Monday, May 15, 2006

My Enigmatic Cousin

This is a story about my relationship with my cousin. May be it was destiny that though being kids of real sisters, we were not meant to know each other as well as other siblings do know.In the course of couple of drinks, I came to know what gem of a person, he is. Being an elder brother, I tend to think that all these years might have been pretty tough on him and his even younger sister. Their parents separated when they were not even in their teens, and thus they hardly know how relations actually go sour. Last year our grandmother passed away, and that brought us all together, after so many years. Many years ago, when grandma and grandpa would host a Ganpati pooja of one and a half day we would all meet at least once a year, but since they discontinued this practice there was hardly any reason left. These ganesh poojas would become special because of this young kid, who could go on dancing effortlessly literally for hours together. He was so good at it that we were almost certain that he would make it big in dancing, but destiny had some other plans. With the relationship of his parents on the rocks, his study took the onslaught, and he is still trying to make for the loss. Meanwhile I got busy with my studies and could never even think of them, until last year, when I met my grown up “enigmatic” cousin, we would fondly call him “tinku” when he was a kid.
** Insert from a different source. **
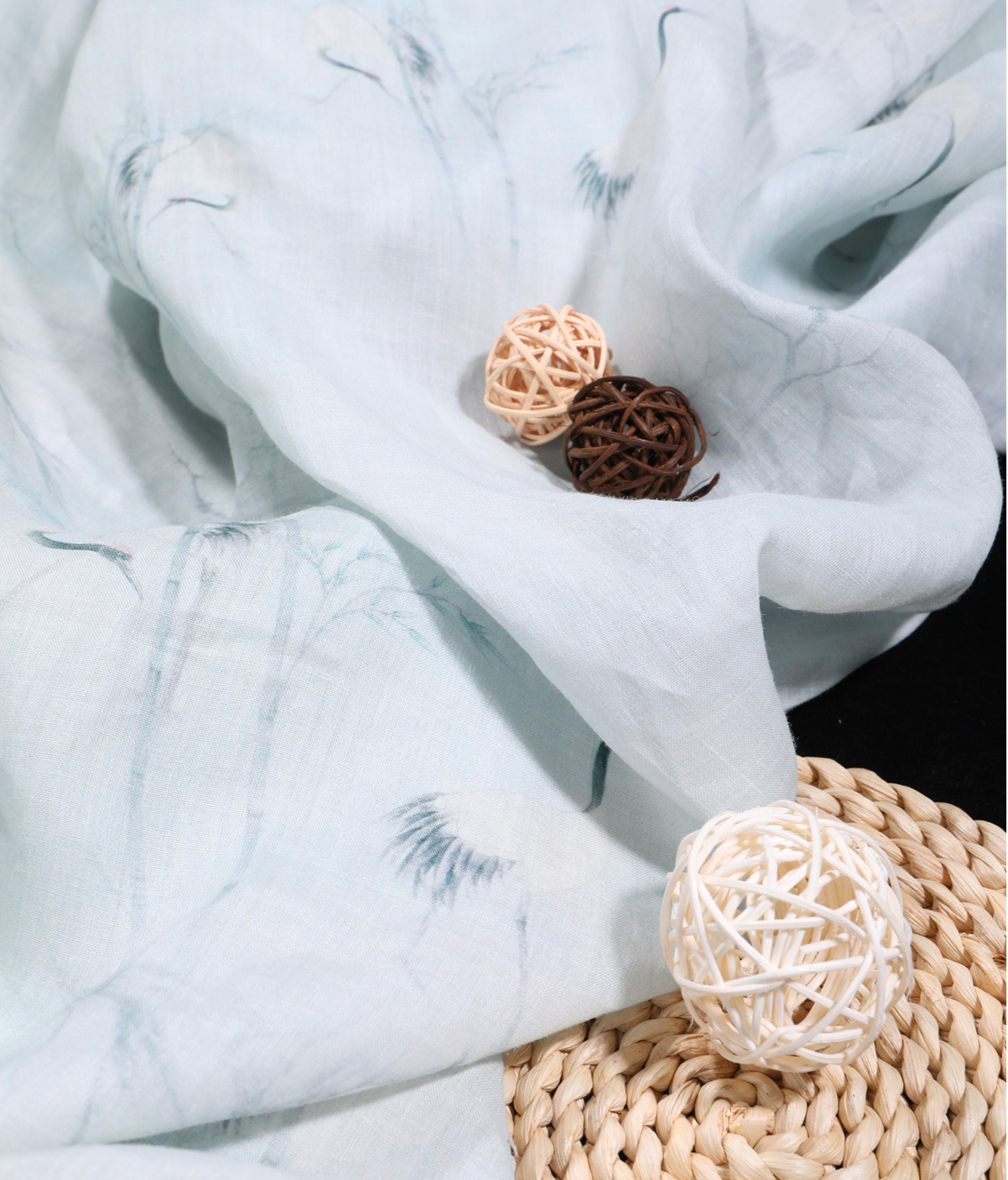 YUANSHAN - Digital Printing 42 Thread Count Ramie Fabric - 140cm wide by the Yard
It’s been a year since grandma has passed away; it was her “varsha shraaddha” on 5th may. We ran for helping in whatever ways we could and the day went by. We were all tired by the night. The next day we both decided to go for a trek at Trimbakeshwar, on the steepest route. We started late and reached there when it was already scorching hot. During this trek we talked over many different issues, cricket, girls, movies, music, alcohol, food and what not. I felt he had a lot to talk about, and knew pretty much than I had expected him to know. I found him quite in tune with the songs; I mean he would sing reasonably well, and also he had a good sense of humor. He also talked about the agony of staying with just one parent and other problems. I really felt sorry for him. In the evening, we had a couple of drinks and the next morning we set out on our respective ways. And now I am pondering over this thought, “why do kids have to suffer when actually there parents are not fit enough to survive the relations?”